_Your instructions_
Please output the lines from the one with "111 Elm Street Property Photo 5" through the end of the data exactly as written, omitting all pictures.

_Information given_
##########

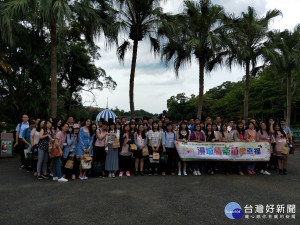 漫城情牽苗繪幸福有百餘男女青年參加。（南投縣府提供）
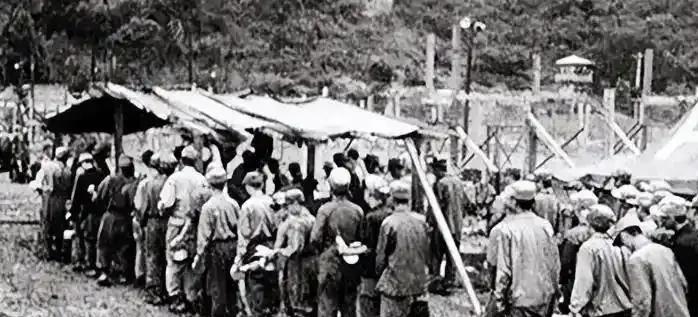 1954年，14000余名志愿军战俘被遣往台湾，蒋经国在码头悄然落泪，蒋介石当夜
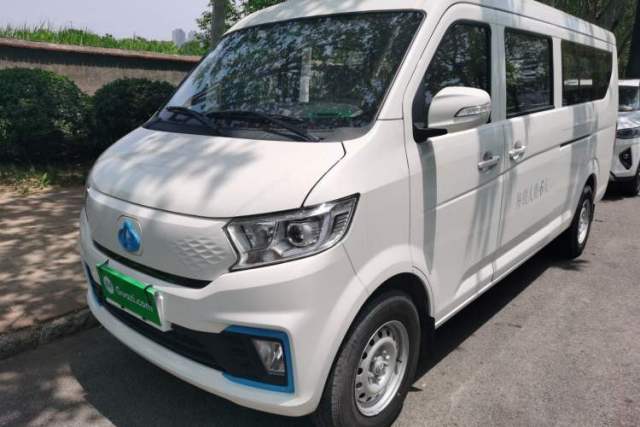 Used CHANGAN KUAYUE Xing V7 EV 2024 316 km Luxury Dual-Door Version 6 Seats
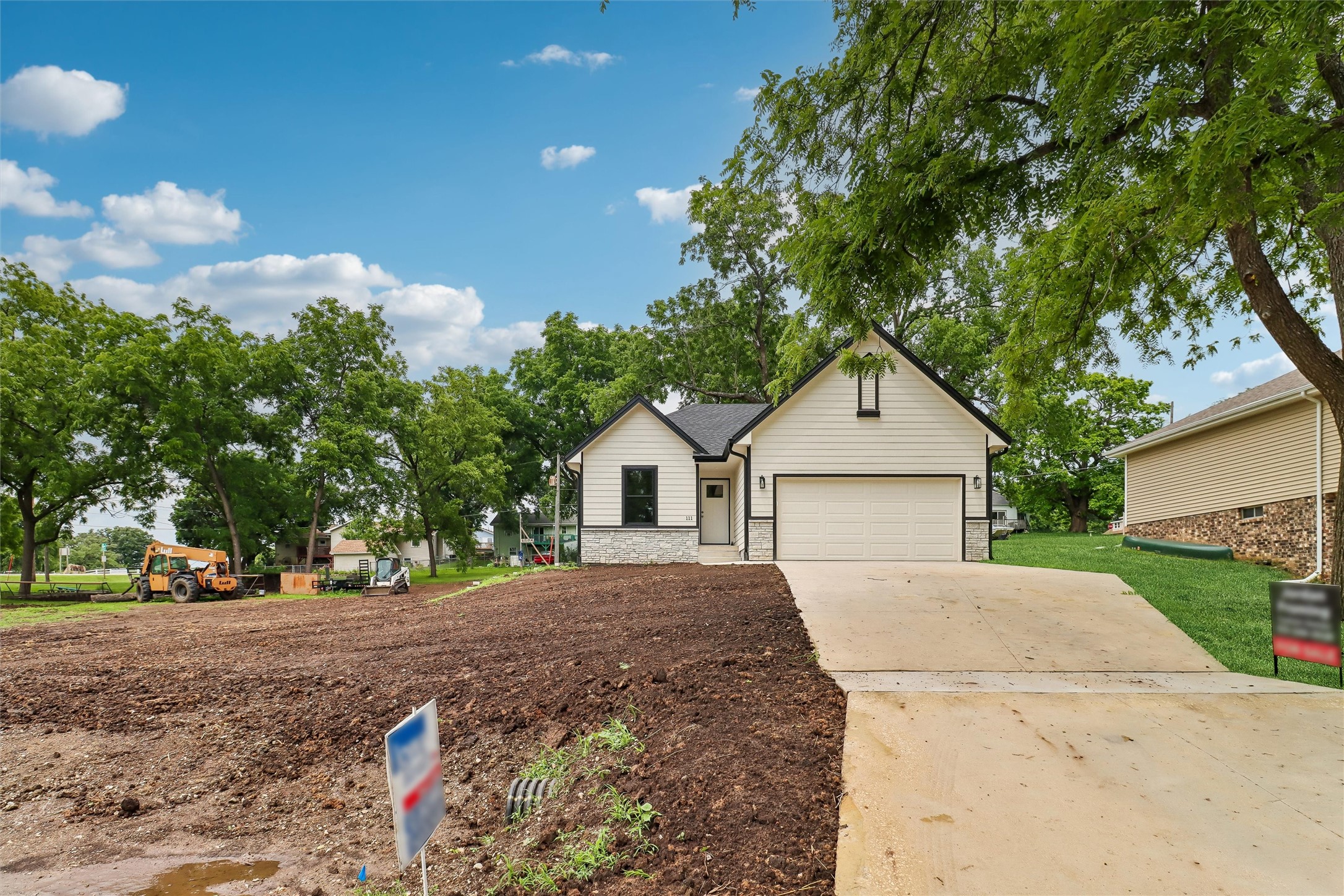 111 Elm Street Property Photo 5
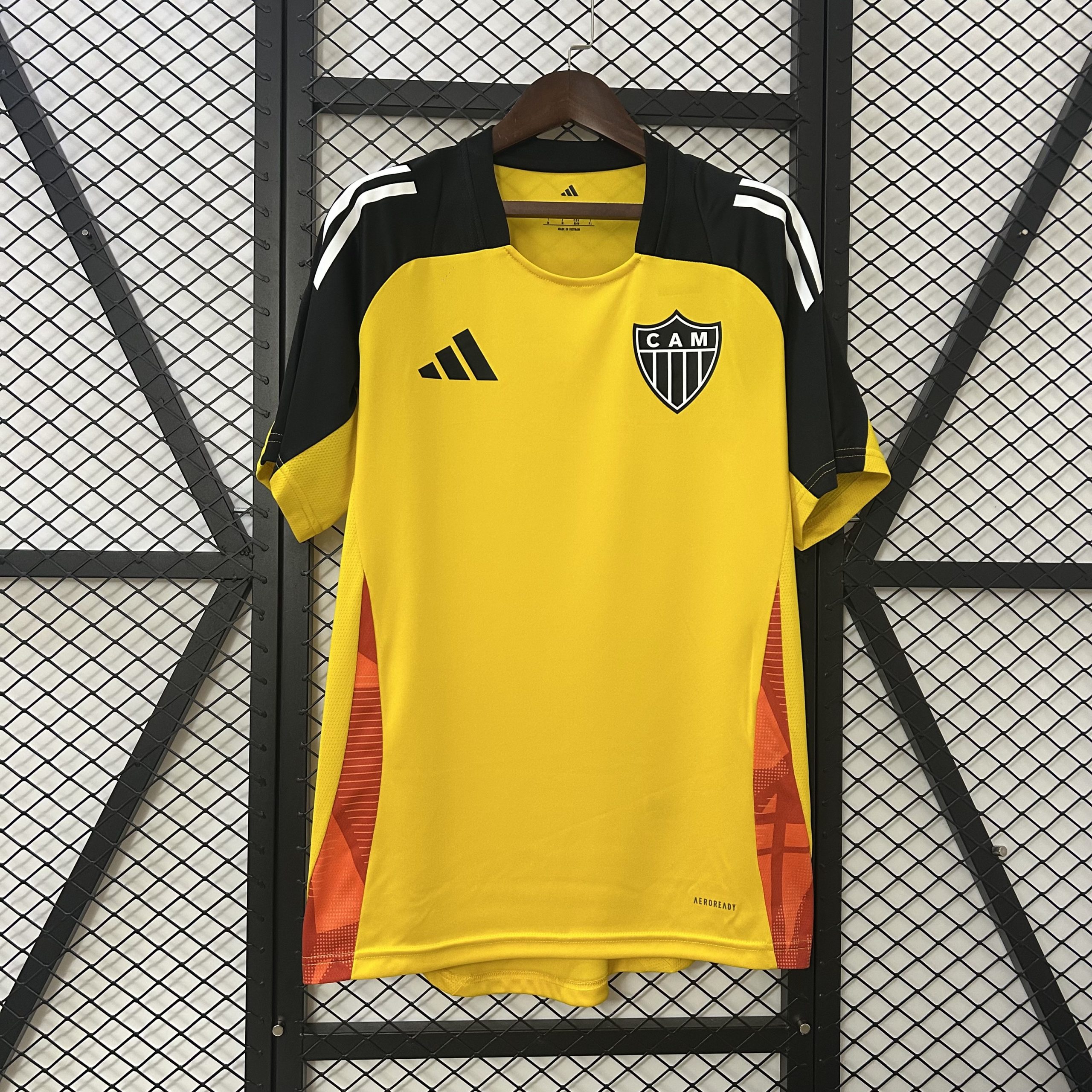2025/26 Atlético Mineiro Yellow Training Jersey Fan Version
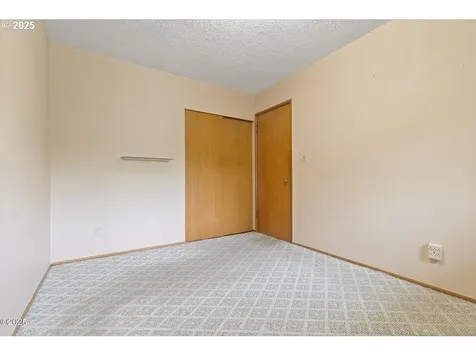 635 NE 192nd Avenue Portland OR 97230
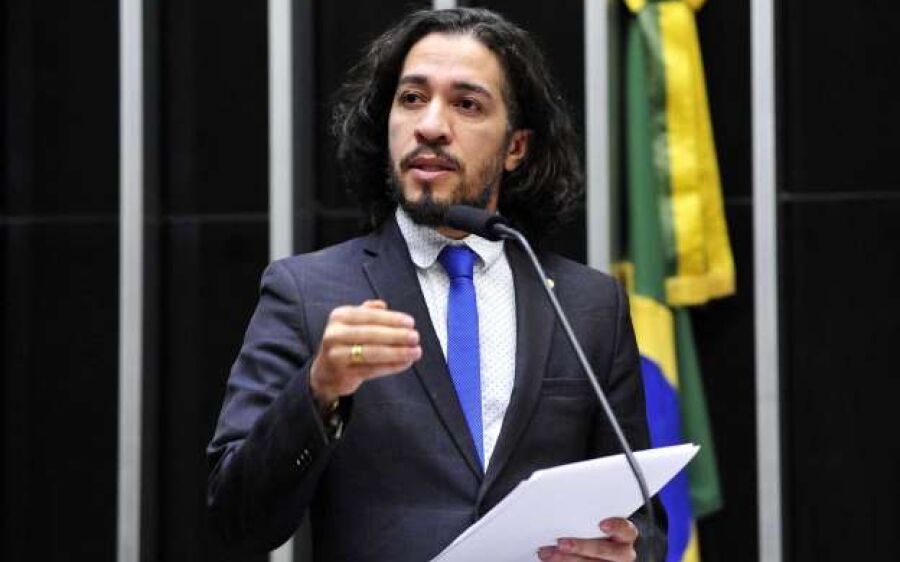 Câmara publica renúncia do deputado Jean Wyllys e convoca suplente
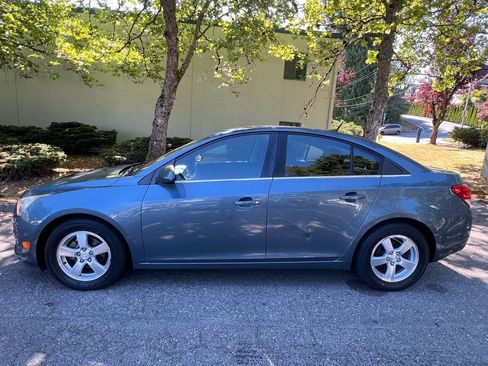 Used 2012 Chevrolet Cruze LT FWD image 2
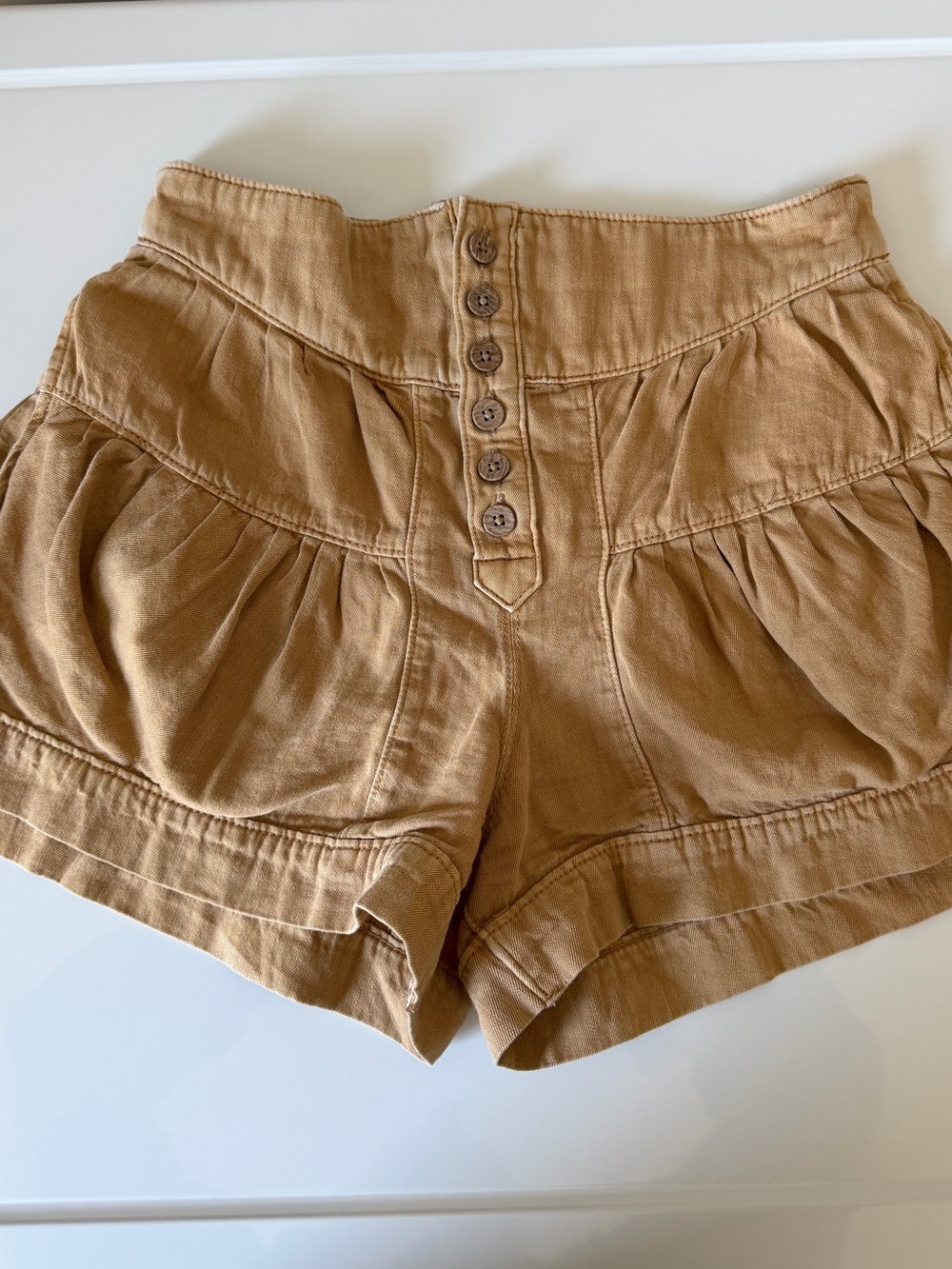 Free People - We The Free High-Waist Button-Front Shorts in Camel/Tan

##########

_Worked solution_
 111 Elm Street Property Photo 5
2025/26 Atlético Mineiro Yellow Training Jersey Fan Version
 635 NE 192nd Avenue Portland OR 97230
 Câmara publica renúncia do deputado Jean Wyllys e convoca suplente
 Used 2012 Chevrolet Cruze LT FWD image 2
 Free People - We The Free High-Waist Button-Front Shorts in Camel/Tan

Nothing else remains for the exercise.